3. Security Performance in UAV-Enabled WSNs
Since UAVs are more vulnerable to eavesdropping by illegal parties, some recent studies have considered the physical layer security of UAV-assisted WSNs. Ref.
[21] investigate a UAV-assisted WSN with multiple eavesdroppers, and considered a downlink secure transmission scheme based on power splitting, where the transmission power of the UAV is divided into information transmission and noise generation. The authors proposed an optimization algorithm to maximize the minimum average secrecy rate. In
[22], the authors considered how to improve the quality of service (QoS) of the wireless networks, joint optimization of the video levels selection, power allocation, and a UAV trajectory algorithm is proposed to maximize the ratio of power consumption to video quality. Refs.
[23][24] discussed secrecy capacity maximum problem in cache-enabled UAV communications. Ref.
[23] investigate a UAV-enabled network with D2D communications, where the UAV and D2D transmitter are equipped with caches that the users can directly obtain high-frequency communication requirements without communicating with the base station. In
[24], the caching-equipped UAV is used to replace the small cell to communicate with the user, and the replaced cell is used as the interference source to send interference signals to Eve to improve the security performance of the system.
4. Secrecy Energy Efficiency in UAV-Enabled WSN
To realize the goal of energy-efficient communication while ensuring communication, secrecy energy efficiency (SEE) has increasingly become hot research in UAV-assisted WSNs. Li et al.
[25] discuss two main challenges in a UAV-enabled WSN: the UAV’s energy consumption and secure transmission. The authors proposed a low-complexity iterative algorithm to maximize the secrecy energy efficiency. In
[26], the authors discussed a multi-carrier multi-UAV enabled WSN, where the UAVs use Cooperative Rate-Splitting (CRS) technique to protect the communication between UAVs and the ground sensors, and proposed a secure resource allocation alternating iterative algorithm to maximize the UAV’s SEE by jointly optimizing the resource allocation and the ground sensors’ association matrix. Refs.

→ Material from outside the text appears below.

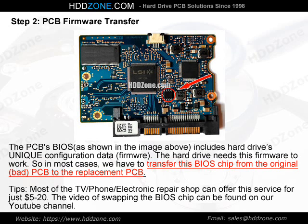Tips: Most TV, phone, and electronic repair shops can offer this BIOS chip swapping service for just $5–20. A video of swapping the BIOS chip can be found on our YouTube channel.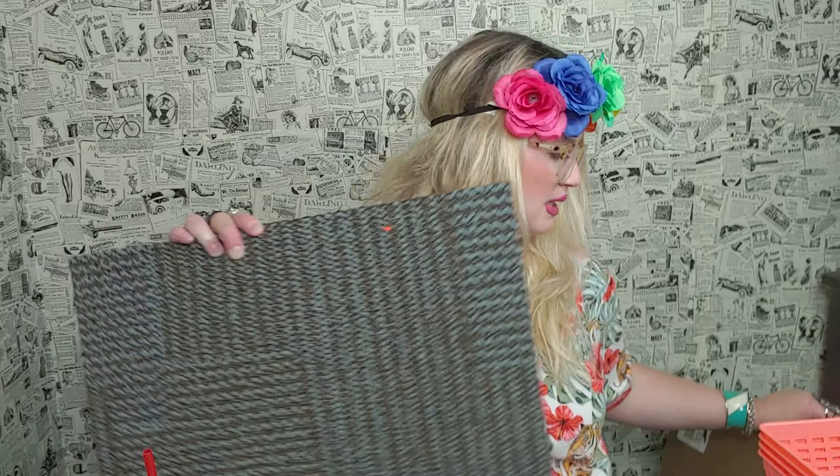I bought five carpet squares total and tried to get two that matched so I could put them together. It looks really cute when they're paired up.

[27][28] both introduced the simultaneous wireless information and power transfer (SWIPT) technology when considering the maximization of Secrecy Energy Efficiency, among which Ref.
[27] assumed that the users divide the received signal into two parts, which are used for energy collection and information decoding, respectively. Ref.
[28] assumed that only known the channel distribution information (CDI) of Eves. In addition, the dual-layer PS receiver architecture is introduced to solve the problem of energy harvesting (EH) circuits’ performance limitation.